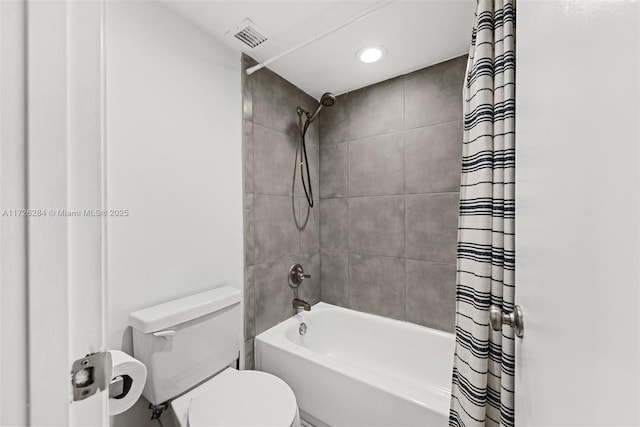 full bathroom featuring shower / bath combination with curtain, toilet, and visible vents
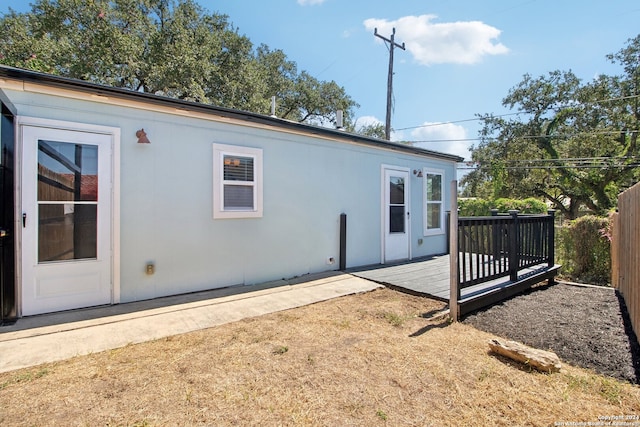 back of property with a wooden deck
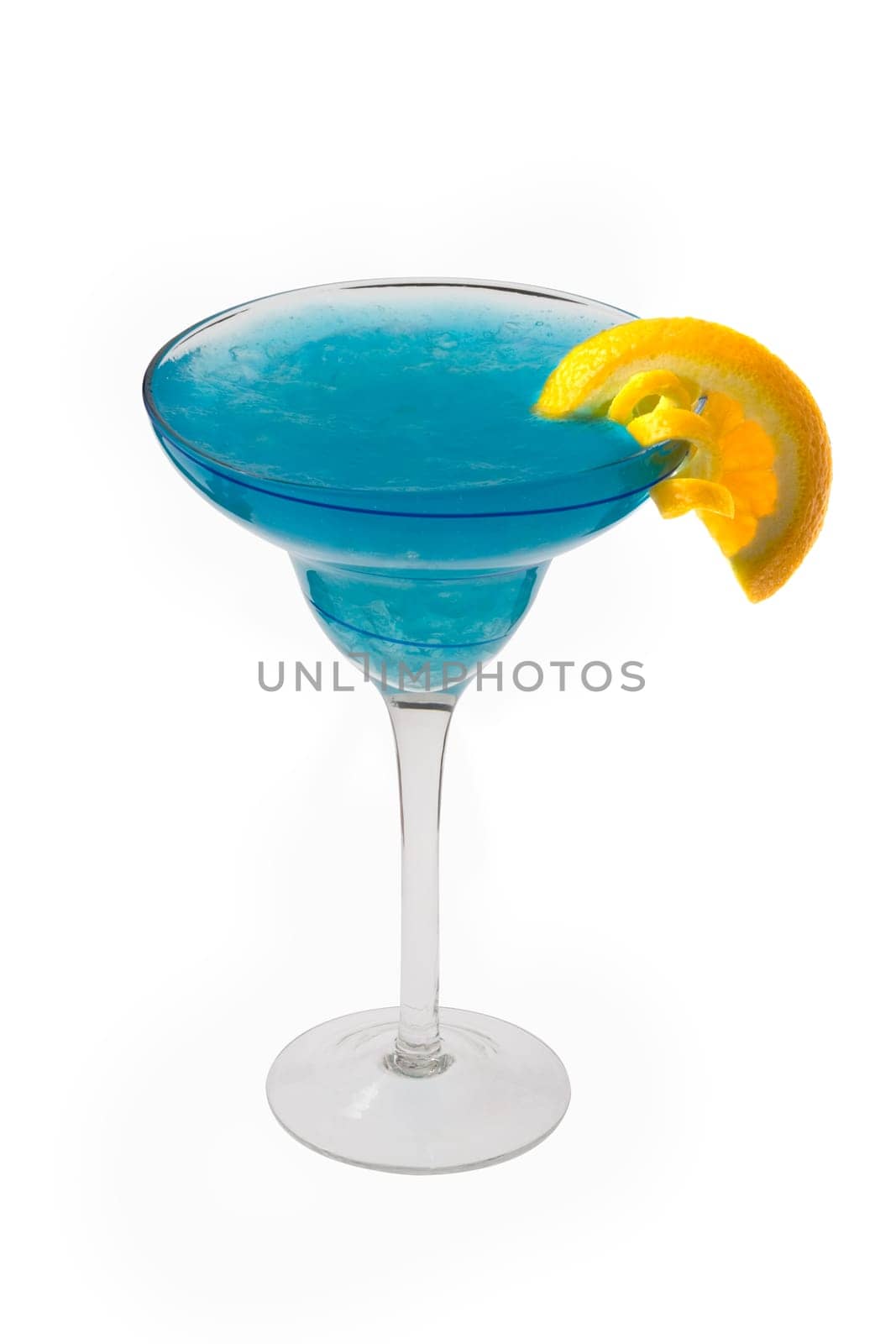 Blue Hawaiian mixed drink with orange and lemon garnish on white background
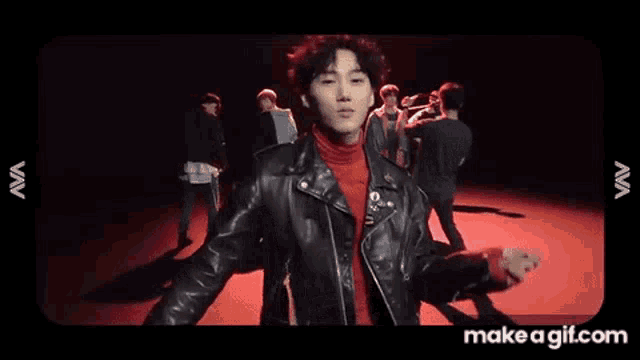 a young man in a black leather jacket and red turtleneck is standing in front of a group of people .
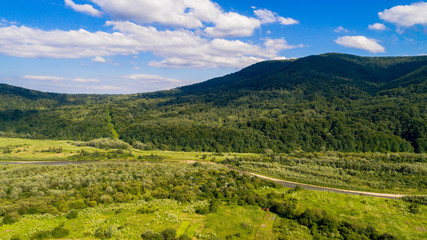 Fototapeta premium aerial shoot of green landscape in the mountains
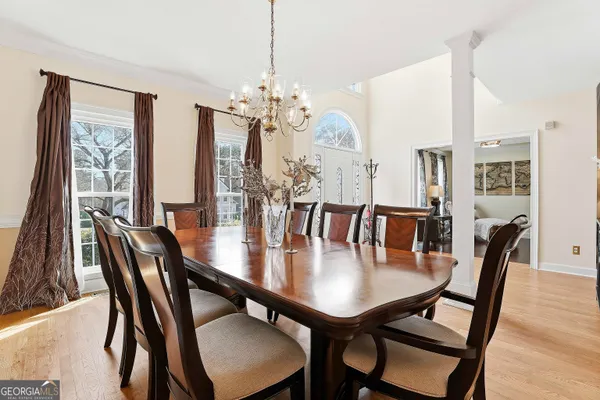 a view of a dining room and livingroom with furniture wooden floor and a chandelier
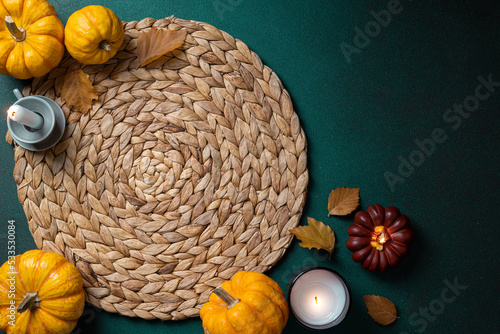 Cozy hygge table. Top view of wicker place mat  pumpkins  autumn leaves  candle on dark table. Autumn table setting. Festive Thanksgiving background. Restaurant menu. Copy space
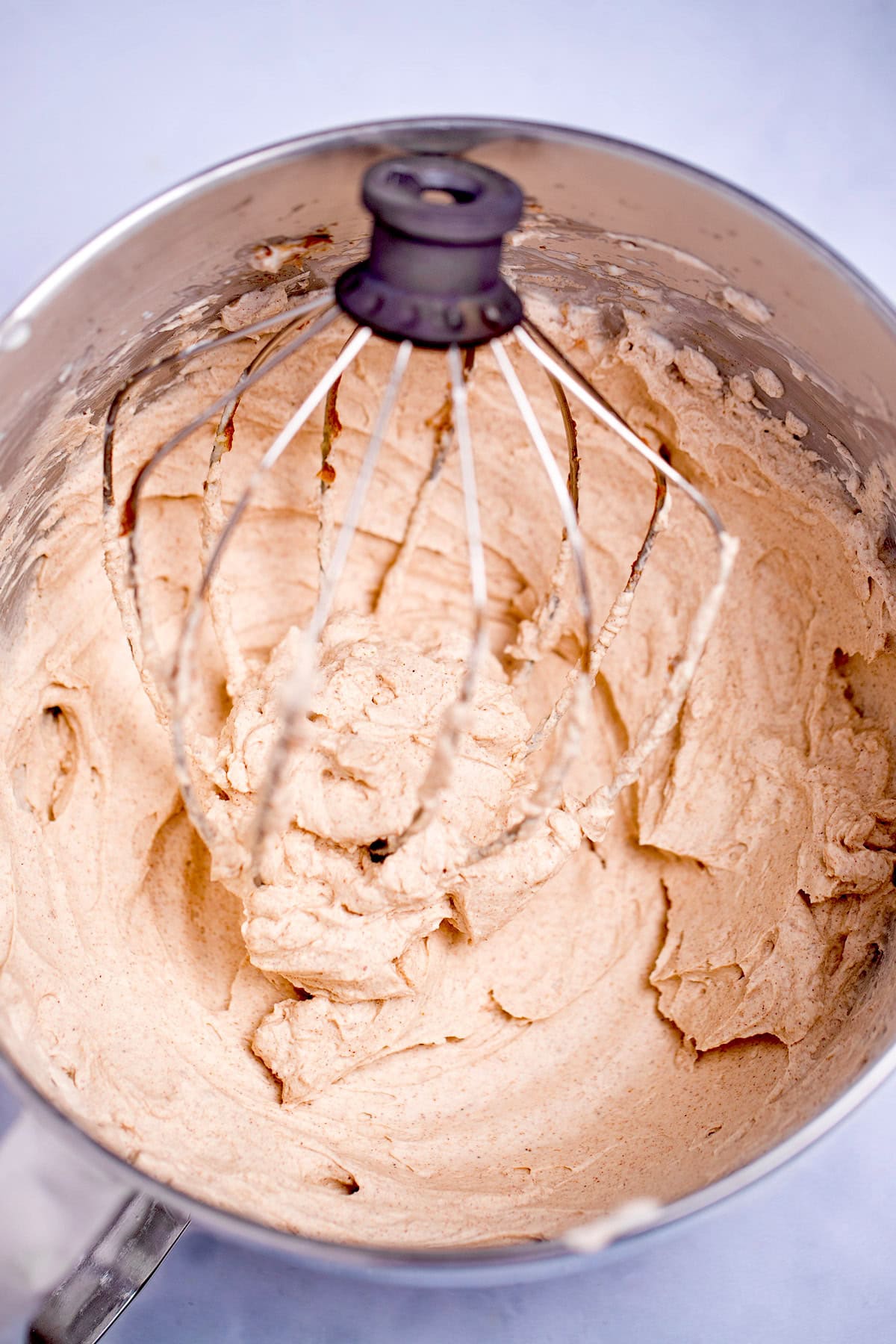 A mixing bowl with a stand mixer whisk in it with whipped pumpkin spice cream cheese in it.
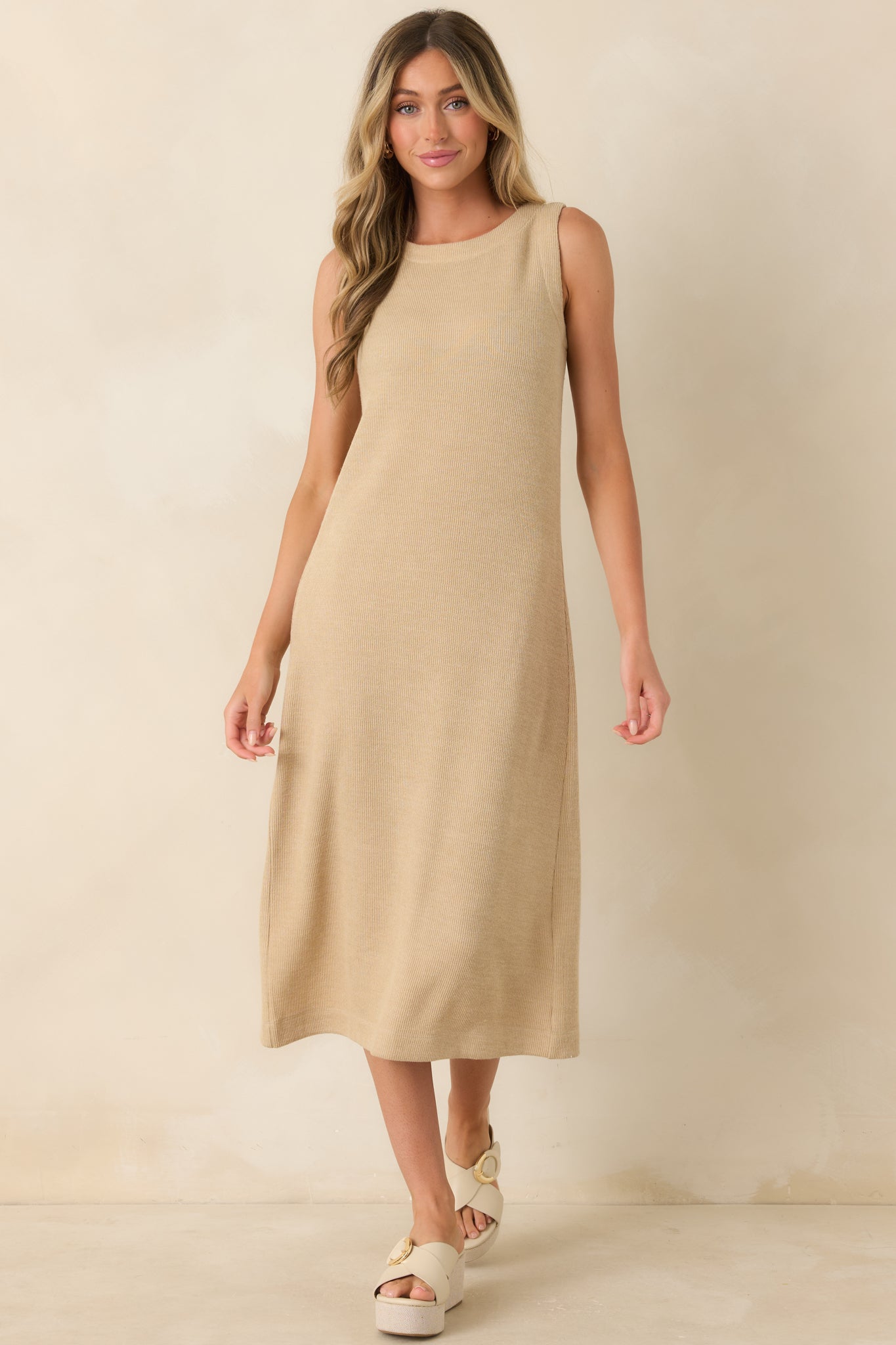 Sleeveless natural midi dress showcasing textured ribbing and an elegant elongated silhouette.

Problem:
The answer must consist only of the lines from the beginning of the entries above through the line that holds "a view of a", reproduced exactly and without pictures.

Response to the task:
 full bathroom featuring shower / bath combination with curtain, toilet, and visible vents
 back of property with a wooden deck
 Blue Hawaiian mixed drink with orange and lemon garnish on white background
 a young man in a black leather jacket and red turtleneck is standing in front of a group of people .
 Fototapeta premium aerial shoot of green landscape in the mountains
 a view of a dining room and livingroom with furniture wooden floor and a chandelier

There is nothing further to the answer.